Anonymous wrote:What is comes down to is women are lazy, and they love spending money they didn't earn.
Anonymous wrote:Anonymous wrote:I married for love but he also had a lot of potential. Happily, he more than realized his potential without screwing up our relationship. So, love and lifestyle can exist together. We’ve been married for a very long time and the physical love continues to be wonderful as it was last night.
“Potential” — what does that even mean
Anonymous wrote:I married for love. DH became a workaholic who was well off financially. The workaholism killed the love. Everyone thought I should be happy because he paid for everything, but I was lonely. I think the best relationships are a mix of love and practicality.
Anonymous wrote:Anonymous wrote:Anonymous wrote:Anonymous wrote:I've never met a woman who claimed to marry for lifestyle, I would be shocked to hear it!
I have a friend who did. Her DH travels for work and cheats on her left, right and center and she looks the other way because she likes the lifestyle. No kids yet.
Does the cheating upset your friend at all? She is open with you about the cheating?
Not that PP but this legitimately just does not bother some women. And trust me it’s not always who you’d think. For every woman who considers this an earth-shattering betrayal and makes being cheated on her entire identity there are others who can’t believe they're getting so worked up over something so trivial and also - for a high earning, frequently traveling husband - realistically inevitable.

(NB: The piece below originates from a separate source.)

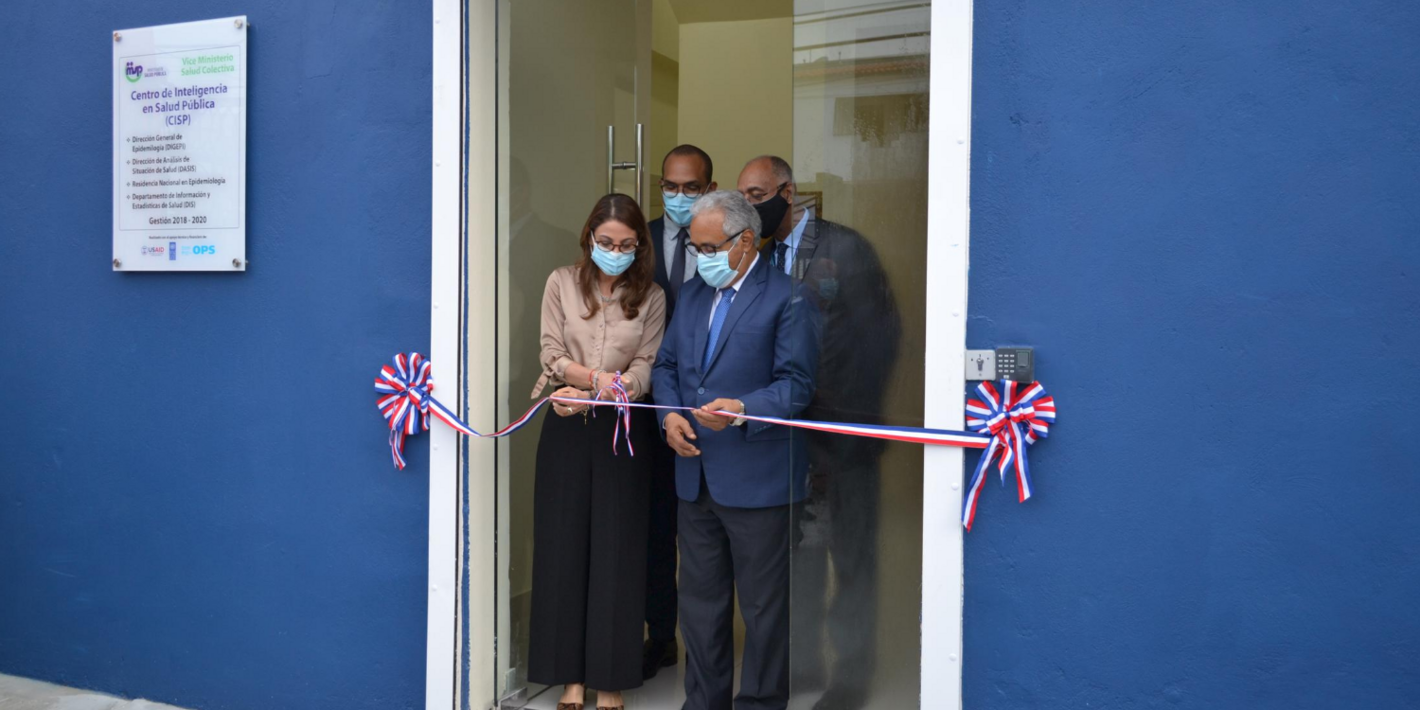 Autoridades durante la inauguración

Anonymous wrote:As my mom used to say when she would see a young attractive woman with an old wealthy man:but the night comes.
Gross!
Anonymous wrote:I do know one person who did this and it did not go well. She married for wealth and that alone really. She had the kids, then got bored and blew it all up by cheating on him in the most insane and obvious way. From the outside it doesn't make sense because this guy was loaded, good looking and generally pretty decent! But he let her call all the shots, and she lost respect for him I think.

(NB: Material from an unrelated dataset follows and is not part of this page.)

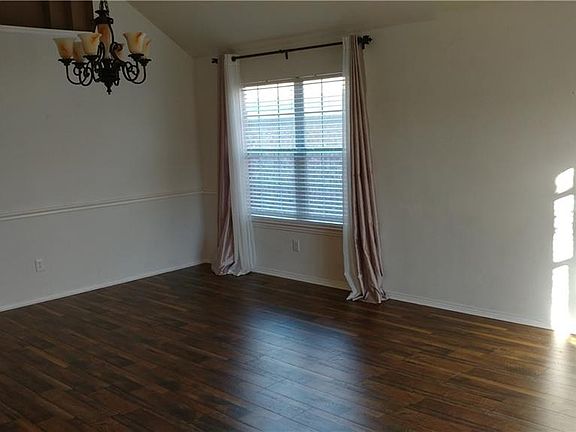 2nd image of 5109 Bayview Dr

But now she's bummed because she's "poor" and only living on $10k a month. Who knows if she regrets it or not...
Anonymous wrote:We were hard charging but broke MBAs when we met just after graduation. We quickly fell in love and I guess we assumed that a nice lifestyle would follow because we both were pretty ambitious but also pretty grounded. It’s worked out fine. Marrying just for lifestyle sounds like a ticket to hell.
Anonymous wrote:Is it so hard to have both? These things are not mutually exclusive, people.

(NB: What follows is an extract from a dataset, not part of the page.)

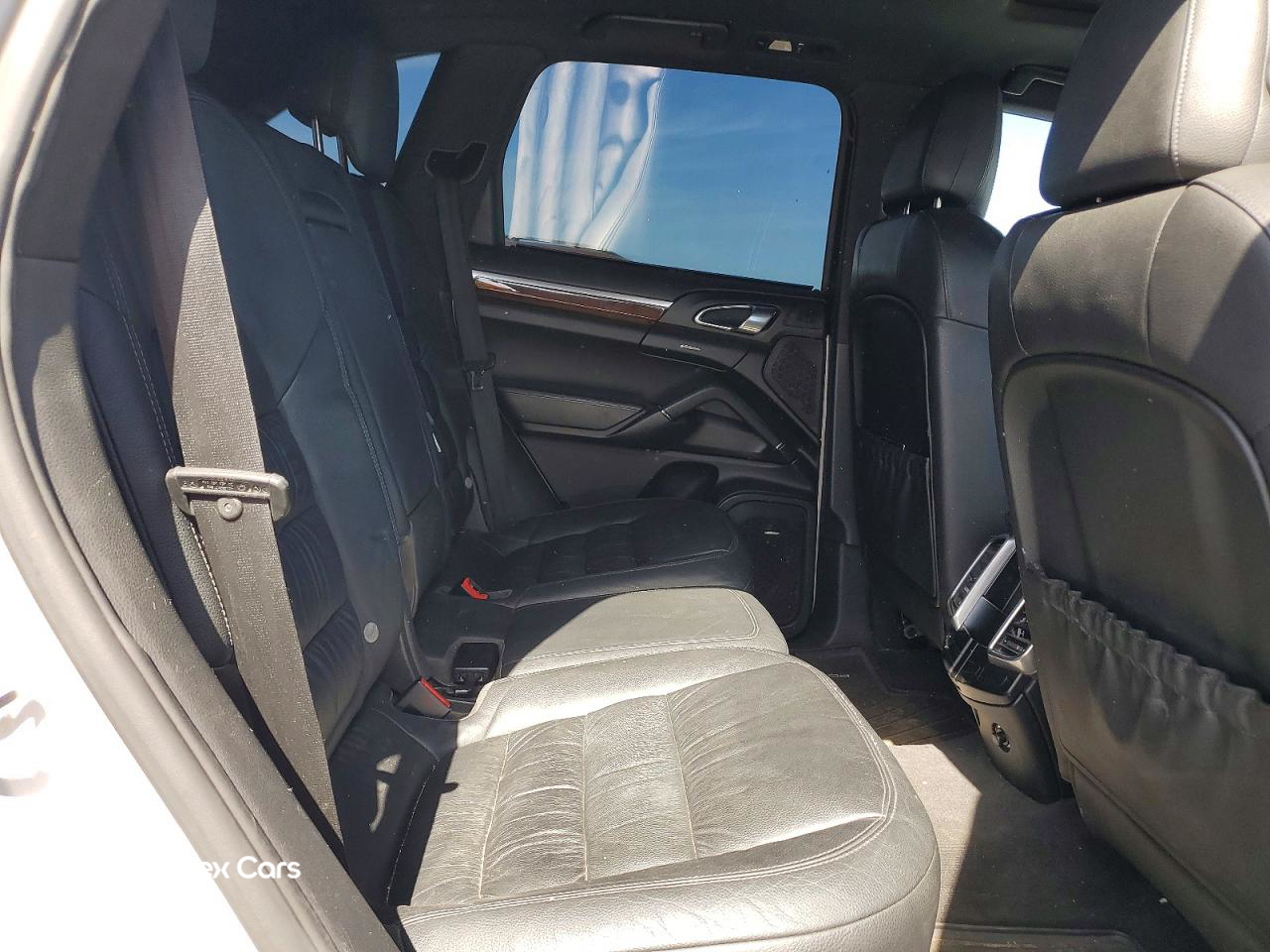 Porsche Cayenne 2011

Anonymous wrote:Anonymous wrote:Anonymous wrote:Anonymous wrote:I’m married for love but I also never dated any scrubs after my early twenties, so I ended up with love and lifestyle.
I mean let’s be frank, you filtered for lifestyle before even going on dates. Falling in love in late 20s generally takes investment time and you mostly only interact with other professionals anyways. How did you meet your DH?
I met him in law school. We competed for a position on law review.
Exactly my point. At that point in your life the chance there were almost zero chance you would fall in love with a high school teacher or artist unless you actively campaigned for that kind of person. A MRS and a JD, nicely done.